A taxa combinada da desocupação e da força de trabalho potencial, que abrange as pessoas que gostariam de trabalhar, mas não procuraram trabalho, ou que procuraram mas não estavam disponíveis para trabalhar (força de trabalho potencial), foi de 17,4%, acima dos 16,8% registrados no trimestre anterior e dos 13,5% apurados no último trimestre de 2015. No Nordeste, a taxa ficou em 24,6%, a maior entre as grandes regiões. A menor foi verificada no Sul (10,2%).

O Índice Geral de Preços – Mercado (IGP-M) desacelerou de 0,64% em janeiro para 0,08% em fevereiro, segundo a FGV. Em 12 meses a inflação medida pelo indicador acumula elevação de 5,38%.

O Índice de Preços ao Produtor Amplo (IPA), um dos componentes do IGP-M, registrou queda de 0,09% em fevereiro. Teve influência os preços do grupo bens finais, que tiveram queda de 0,61%, puxado pelo subgrupo alimentos processados (-1,62%). As matérias-primas brutas tiveram retração de 0,64%, com destaque para as aves (-7,05%) e os bovinos (-2,79%).

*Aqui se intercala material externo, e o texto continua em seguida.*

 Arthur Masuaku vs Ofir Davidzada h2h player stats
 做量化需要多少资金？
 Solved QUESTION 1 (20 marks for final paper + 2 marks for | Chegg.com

O Índice de Preços ao Consumidor (IPC) teve alta de 0,39% em fevereiro. Em janeiro a variação tinha ficado em 0,64%. O grupo alimentação teve retração de 0,22%, com queda de 1,99% das carnes bovinas. O grupo transportes passou de 1,01% em janeiro para 0,51% em fevereiro. Teve influência nesse resultado a queda da gasolina (-0,33%).

O Índice Nacional de Custo da Construção (INCC) teve alta de 0,53% em fevereiro contra 0,29% em janeiro. Os custos com materiais e equipamentos subiram 0,62% e com mão de obra, 0,45%.

Finalmente, a taxa de juros do rotativo do cartão de crédito subiu e bateu novo recorde no início deste ano. A taxa chegou a 486,8% ao ano, em janeiro, informou hoje o Banco Central do Brasil (BCB). A tarifa subiu 2,2 pontos percentuais em relação a dezembro e foi a maior da série histórica iniciada em março de 2011.

O rotativo é o crédito tomado pelo consumidor quando paga menos que o valor integral da fatura do cartão. A taxa do crédito parcelado também subiu e ficou em 161,9% ao ano, alta de 8,1 ponto percentual em relação a dezembro.